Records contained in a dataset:
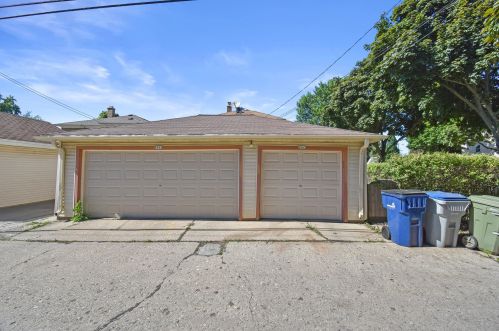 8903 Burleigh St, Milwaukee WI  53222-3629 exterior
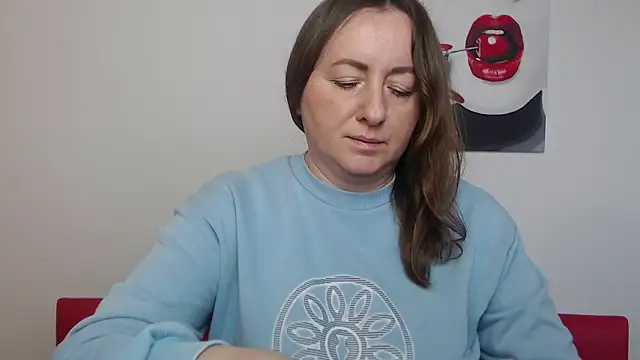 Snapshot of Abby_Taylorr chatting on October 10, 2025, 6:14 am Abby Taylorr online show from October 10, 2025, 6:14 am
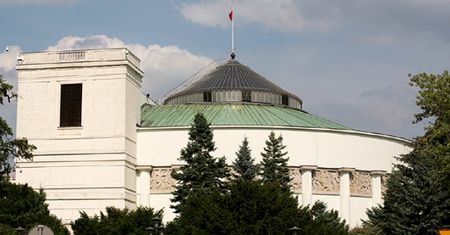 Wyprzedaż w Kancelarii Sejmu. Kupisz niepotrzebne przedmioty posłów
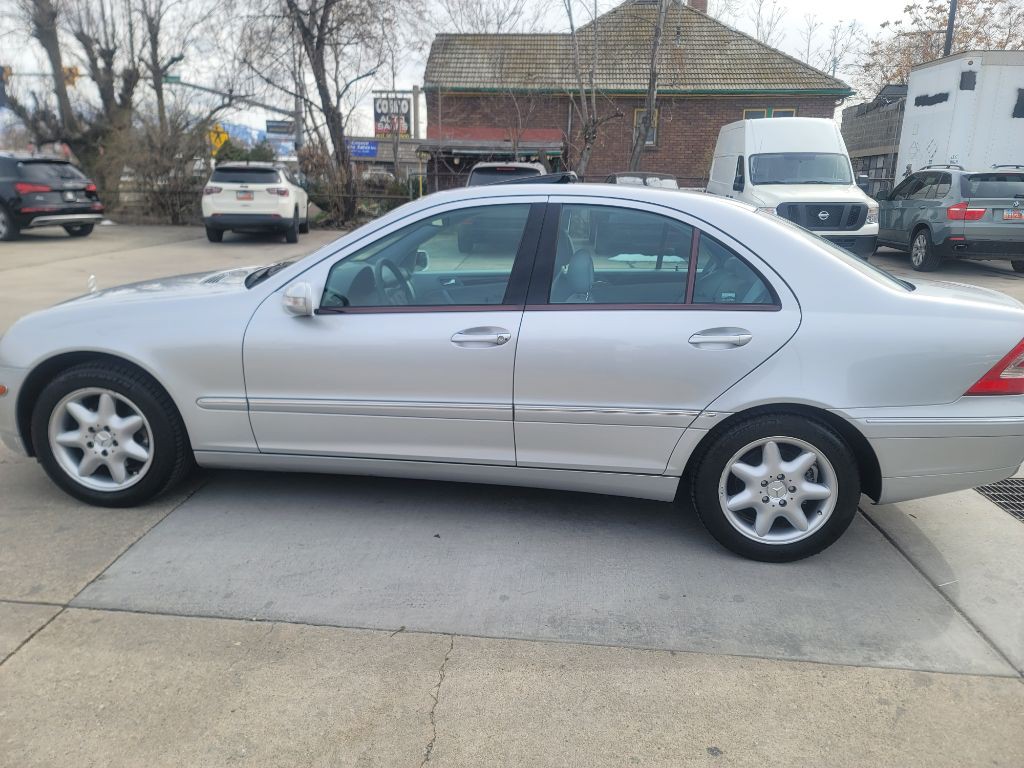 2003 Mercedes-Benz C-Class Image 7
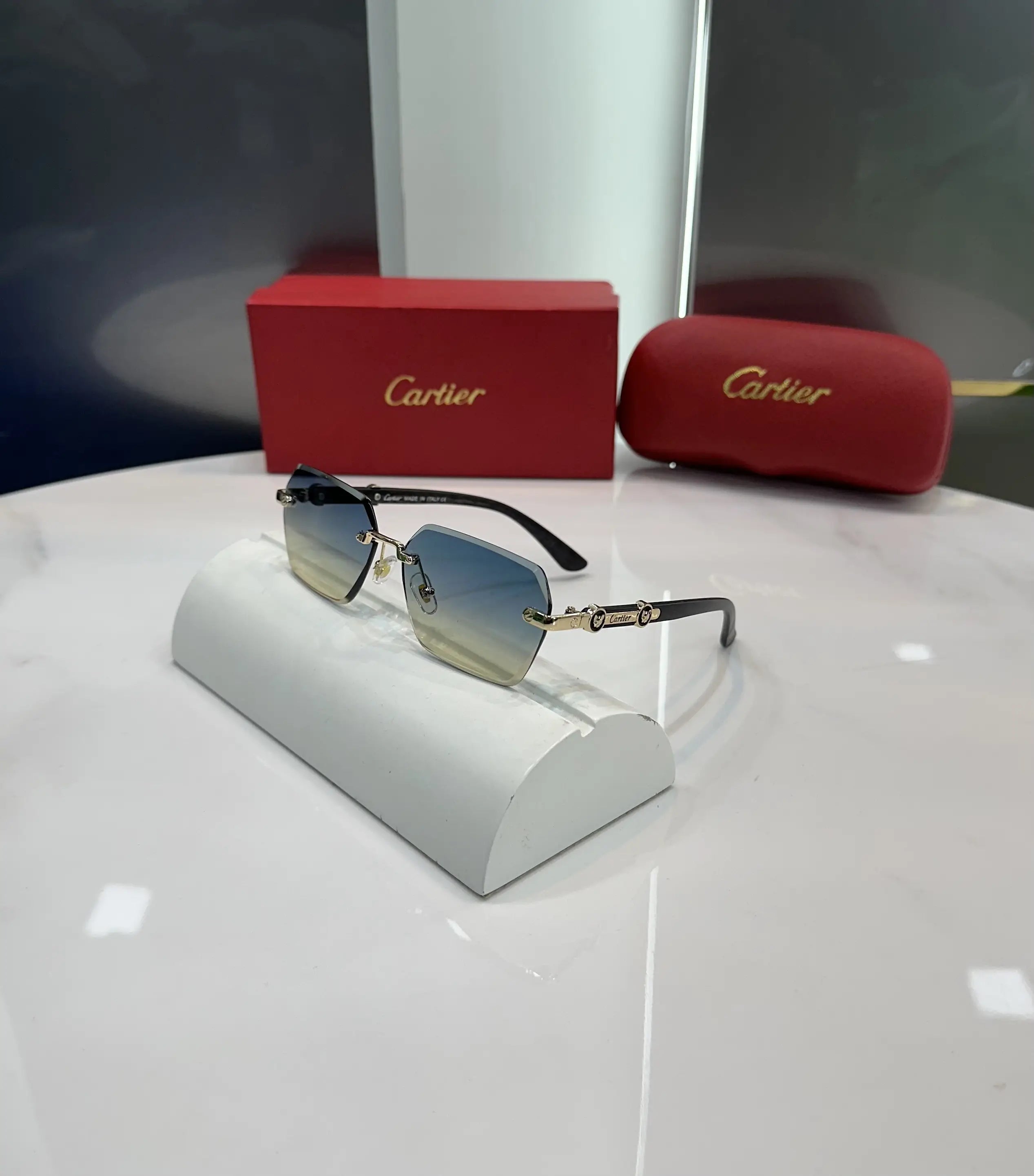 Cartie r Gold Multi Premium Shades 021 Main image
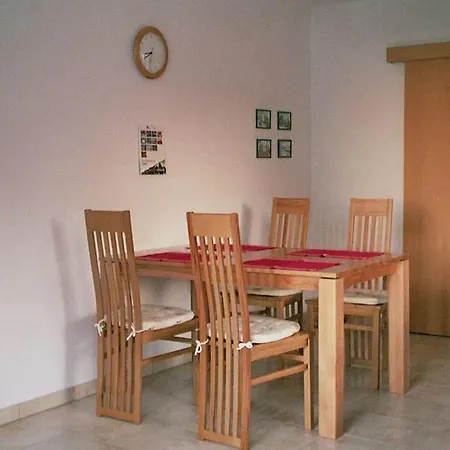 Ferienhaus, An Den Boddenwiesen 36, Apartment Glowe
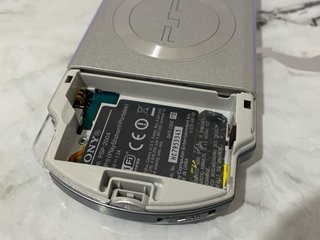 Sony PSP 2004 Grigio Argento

...

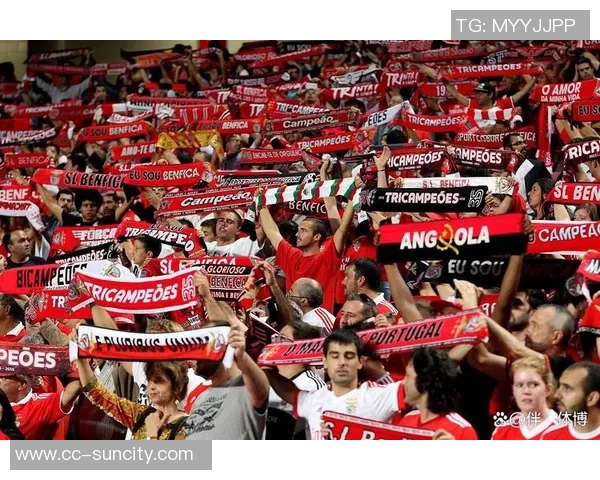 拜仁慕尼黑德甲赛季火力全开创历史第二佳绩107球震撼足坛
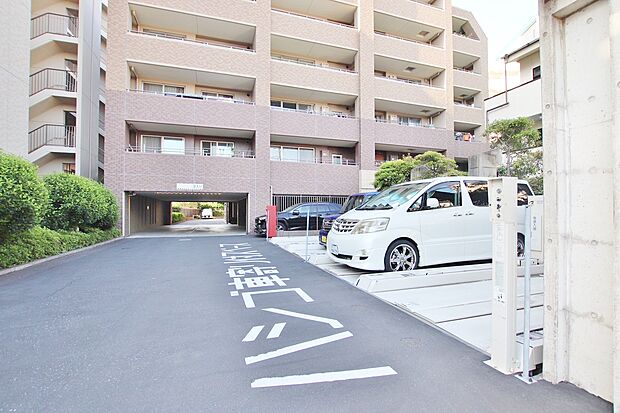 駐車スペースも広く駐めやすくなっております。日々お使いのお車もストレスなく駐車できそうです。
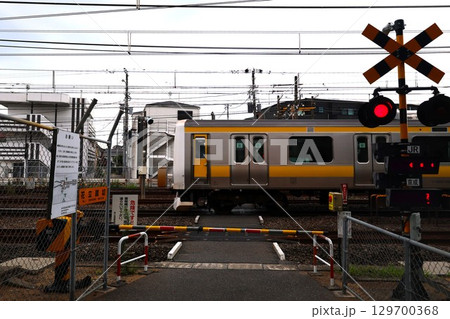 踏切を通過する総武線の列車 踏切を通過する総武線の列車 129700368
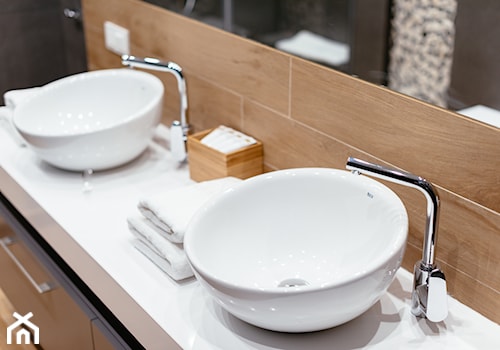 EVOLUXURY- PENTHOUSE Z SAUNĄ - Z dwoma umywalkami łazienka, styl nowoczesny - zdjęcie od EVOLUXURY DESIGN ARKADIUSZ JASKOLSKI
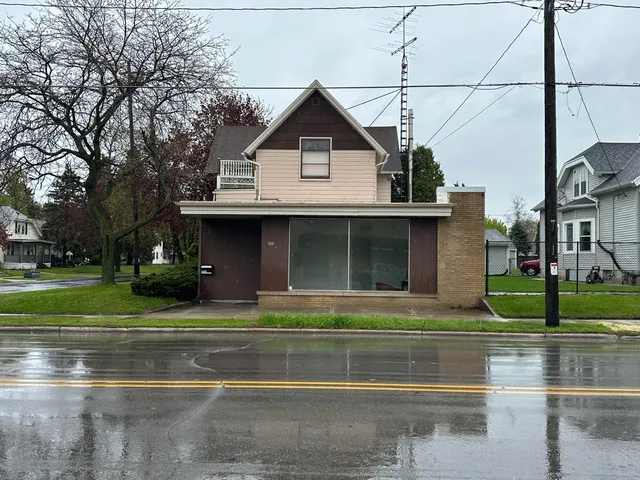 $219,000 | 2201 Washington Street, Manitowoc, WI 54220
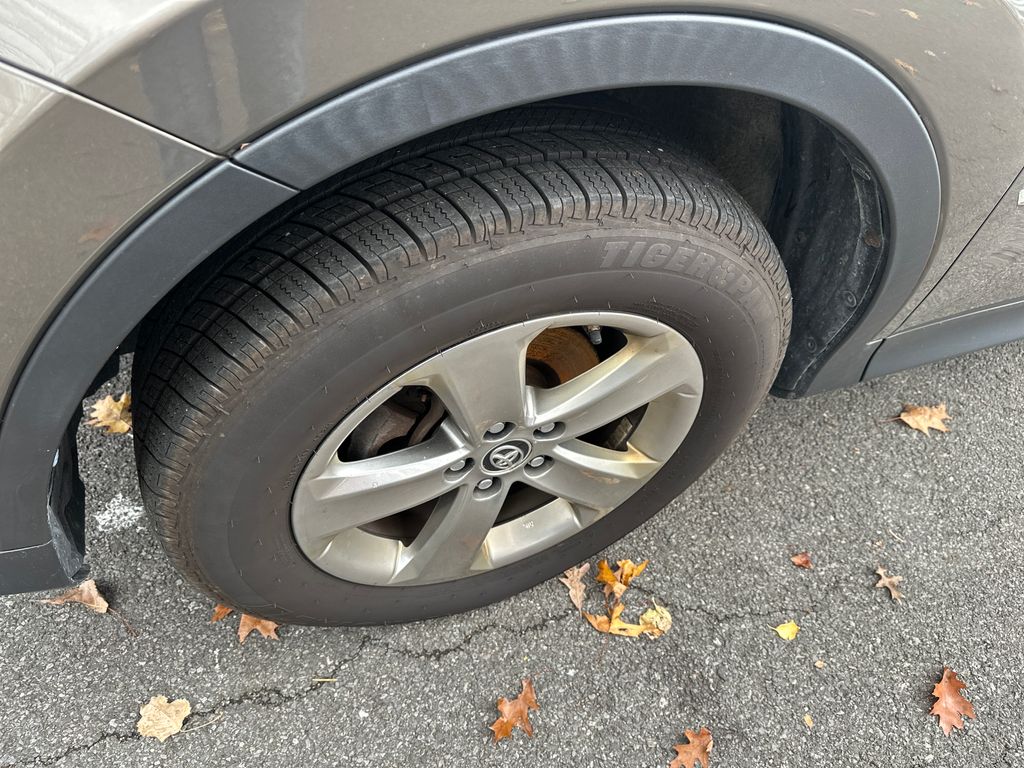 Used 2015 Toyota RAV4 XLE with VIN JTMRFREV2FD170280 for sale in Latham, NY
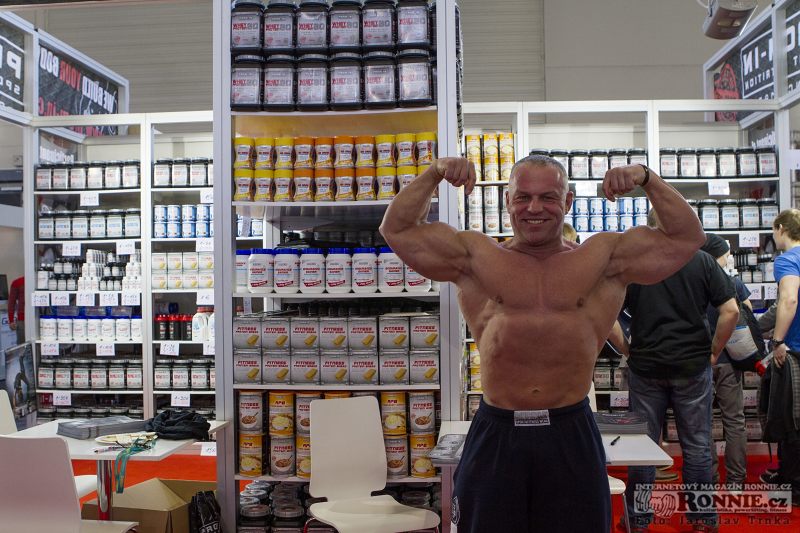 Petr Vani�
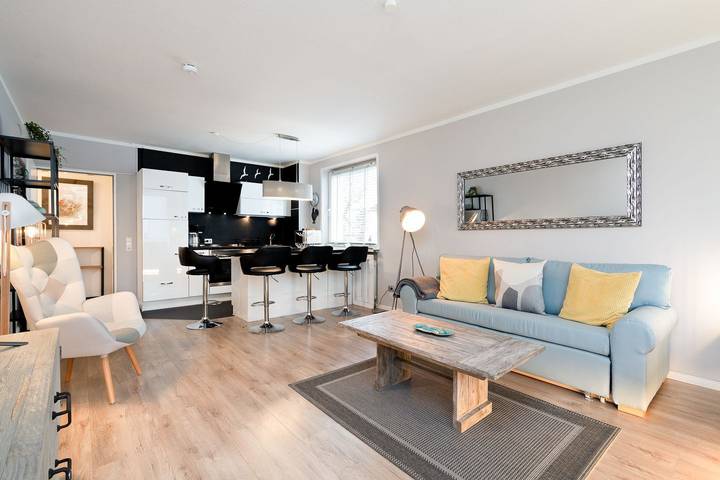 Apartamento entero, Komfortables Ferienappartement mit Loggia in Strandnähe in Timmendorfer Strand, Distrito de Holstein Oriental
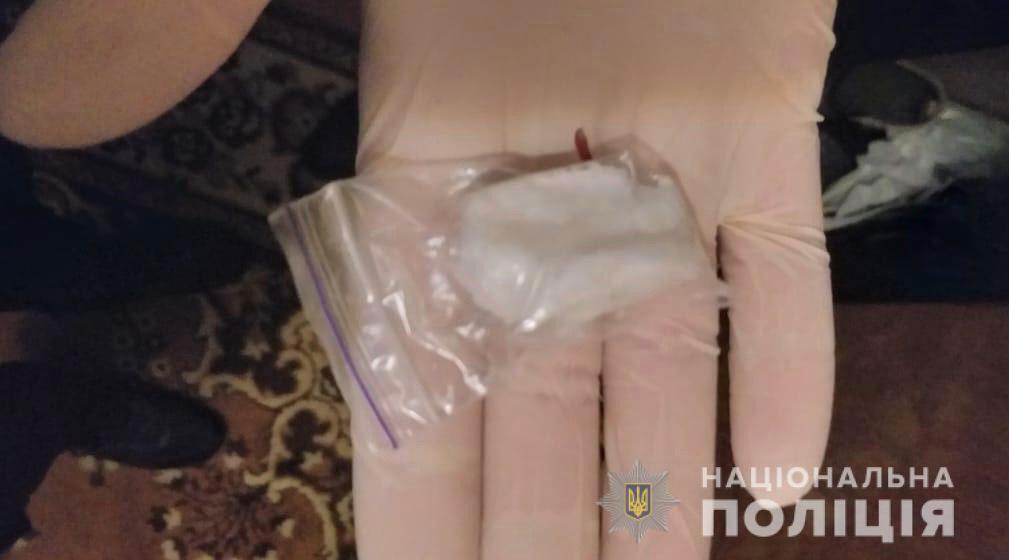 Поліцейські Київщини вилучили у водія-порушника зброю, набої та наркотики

▶ [PROMPT]: Using the entries above, reproduce word for word only the lines from the one that contains "Manitowoc, WI 54220" to the one that contains "Поліцейські Київщини вилучили", both ends included, and drop every picture.

▶ [SOLVED EXERCISE]:
 $219,000 | 2201 Washington Street, Manitowoc, WI 54220
 Used 2015 Toyota RAV4 XLE with VIN JTMRFREV2FD170280 for sale in Latham, NY
 Petr Vani�
 Apartamento entero, Komfortables Ferienappartement mit Loggia in Strandnähe in Timmendorfer Strand, Distrito de Holstein Oriental
 Поліцейські Київщини вилучили у водія-порушника зброю, набої та наркотики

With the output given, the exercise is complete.